━━━ Material for the task
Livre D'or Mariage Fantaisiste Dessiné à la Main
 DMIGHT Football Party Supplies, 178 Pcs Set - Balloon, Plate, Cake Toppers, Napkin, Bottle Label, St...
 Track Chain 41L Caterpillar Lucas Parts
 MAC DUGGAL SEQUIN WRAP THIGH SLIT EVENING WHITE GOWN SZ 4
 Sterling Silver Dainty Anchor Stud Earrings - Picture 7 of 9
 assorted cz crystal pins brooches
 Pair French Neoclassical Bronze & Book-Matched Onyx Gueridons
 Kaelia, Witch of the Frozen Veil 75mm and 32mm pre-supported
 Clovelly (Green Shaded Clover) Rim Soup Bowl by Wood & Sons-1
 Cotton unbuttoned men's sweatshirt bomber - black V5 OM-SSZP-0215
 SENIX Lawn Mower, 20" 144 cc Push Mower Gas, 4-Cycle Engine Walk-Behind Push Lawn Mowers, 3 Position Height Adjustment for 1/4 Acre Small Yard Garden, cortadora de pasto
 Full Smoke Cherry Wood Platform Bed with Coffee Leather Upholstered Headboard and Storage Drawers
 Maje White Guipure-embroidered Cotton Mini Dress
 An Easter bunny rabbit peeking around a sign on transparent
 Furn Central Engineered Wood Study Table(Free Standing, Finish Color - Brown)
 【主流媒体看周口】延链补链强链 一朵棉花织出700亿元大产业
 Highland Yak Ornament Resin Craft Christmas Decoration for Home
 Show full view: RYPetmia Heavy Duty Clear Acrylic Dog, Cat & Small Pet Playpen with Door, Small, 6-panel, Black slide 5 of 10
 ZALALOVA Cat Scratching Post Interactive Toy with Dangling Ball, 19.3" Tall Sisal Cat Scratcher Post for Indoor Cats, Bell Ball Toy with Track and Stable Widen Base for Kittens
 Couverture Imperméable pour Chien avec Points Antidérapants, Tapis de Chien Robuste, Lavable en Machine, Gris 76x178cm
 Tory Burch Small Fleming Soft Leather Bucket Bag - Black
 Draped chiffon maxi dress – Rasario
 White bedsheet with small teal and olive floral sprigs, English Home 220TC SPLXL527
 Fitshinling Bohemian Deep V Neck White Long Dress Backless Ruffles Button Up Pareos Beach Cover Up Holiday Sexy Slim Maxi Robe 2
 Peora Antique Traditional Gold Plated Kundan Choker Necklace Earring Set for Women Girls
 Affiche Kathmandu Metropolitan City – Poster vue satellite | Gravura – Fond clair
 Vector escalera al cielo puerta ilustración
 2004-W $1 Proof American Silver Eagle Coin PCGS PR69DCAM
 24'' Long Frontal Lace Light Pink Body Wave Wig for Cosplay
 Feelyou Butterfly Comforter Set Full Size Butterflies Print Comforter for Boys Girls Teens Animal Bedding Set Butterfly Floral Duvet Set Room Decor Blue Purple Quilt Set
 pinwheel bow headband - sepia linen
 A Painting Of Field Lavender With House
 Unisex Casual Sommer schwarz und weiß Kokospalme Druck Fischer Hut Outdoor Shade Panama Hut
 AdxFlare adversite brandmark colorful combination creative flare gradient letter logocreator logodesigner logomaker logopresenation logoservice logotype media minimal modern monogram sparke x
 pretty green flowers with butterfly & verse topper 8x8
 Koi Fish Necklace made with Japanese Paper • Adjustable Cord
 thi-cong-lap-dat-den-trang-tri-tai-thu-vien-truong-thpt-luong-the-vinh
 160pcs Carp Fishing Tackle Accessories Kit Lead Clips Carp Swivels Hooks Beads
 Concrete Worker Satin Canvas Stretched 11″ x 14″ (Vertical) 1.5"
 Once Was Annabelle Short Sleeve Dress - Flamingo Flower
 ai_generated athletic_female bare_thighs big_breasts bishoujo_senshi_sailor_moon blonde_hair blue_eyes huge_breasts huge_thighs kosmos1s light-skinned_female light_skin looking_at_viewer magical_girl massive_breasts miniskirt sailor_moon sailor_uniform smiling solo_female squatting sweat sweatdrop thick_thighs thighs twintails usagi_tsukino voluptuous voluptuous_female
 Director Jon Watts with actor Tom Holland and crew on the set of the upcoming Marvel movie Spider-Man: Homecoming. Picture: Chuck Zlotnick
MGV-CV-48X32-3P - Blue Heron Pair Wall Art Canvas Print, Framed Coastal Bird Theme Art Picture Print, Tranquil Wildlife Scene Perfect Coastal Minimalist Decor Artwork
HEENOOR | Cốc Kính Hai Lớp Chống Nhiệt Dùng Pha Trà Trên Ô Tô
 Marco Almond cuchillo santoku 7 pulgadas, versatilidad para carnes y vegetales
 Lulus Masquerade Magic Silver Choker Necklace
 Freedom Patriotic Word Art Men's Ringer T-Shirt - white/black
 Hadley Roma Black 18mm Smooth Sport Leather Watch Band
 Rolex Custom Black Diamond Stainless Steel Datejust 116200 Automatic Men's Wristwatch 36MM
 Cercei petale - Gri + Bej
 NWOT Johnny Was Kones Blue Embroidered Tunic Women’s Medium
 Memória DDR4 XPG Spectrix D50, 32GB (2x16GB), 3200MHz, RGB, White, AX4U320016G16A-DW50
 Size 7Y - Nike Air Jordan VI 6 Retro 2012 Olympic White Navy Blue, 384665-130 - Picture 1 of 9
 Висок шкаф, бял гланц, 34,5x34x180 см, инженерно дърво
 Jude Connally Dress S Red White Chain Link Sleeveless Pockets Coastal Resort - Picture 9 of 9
━━━━━━
Task description
Only the lines from the one containing "HEENOOR | Cốc" to the end of the data should be printed, exactly as they stand.

Written answer
HEENOOR | Cốc Kính Hai Lớp Chống Nhiệt Dùng Pha Trà Trên Ô Tô
 Marco Almond cuchillo santoku 7 pulgadas, versatilidad para carnes y vegetales
 Lulus Masquerade Magic Silver Choker Necklace
 Freedom Patriotic Word Art Men's Ringer T-Shirt - white/black
 Hadley Roma Black 18mm Smooth Sport Leather Watch Band
 Rolex Custom Black Diamond Stainless Steel Datejust 116200 Automatic Men's Wristwatch 36MM
 Cercei petale - Gri + Bej
 NWOT Johnny Was Kones Blue Embroidered Tunic Women’s Medium
 Memória DDR4 XPG Spectrix D50, 32GB (2x16GB), 3200MHz, RGB, White, AX4U320016G16A-DW50
 Size 7Y - Nike Air Jordan VI 6 Retro 2012 Olympic White Navy Blue, 384665-130 - Picture 1 of 9
 Висок шкаф, бял гланц, 34,5x34x180 см, инженерно дърво
 Jude Connally Dress S Red White Chain Link Sleeveless Pockets Coastal Resort - Picture 9 of 9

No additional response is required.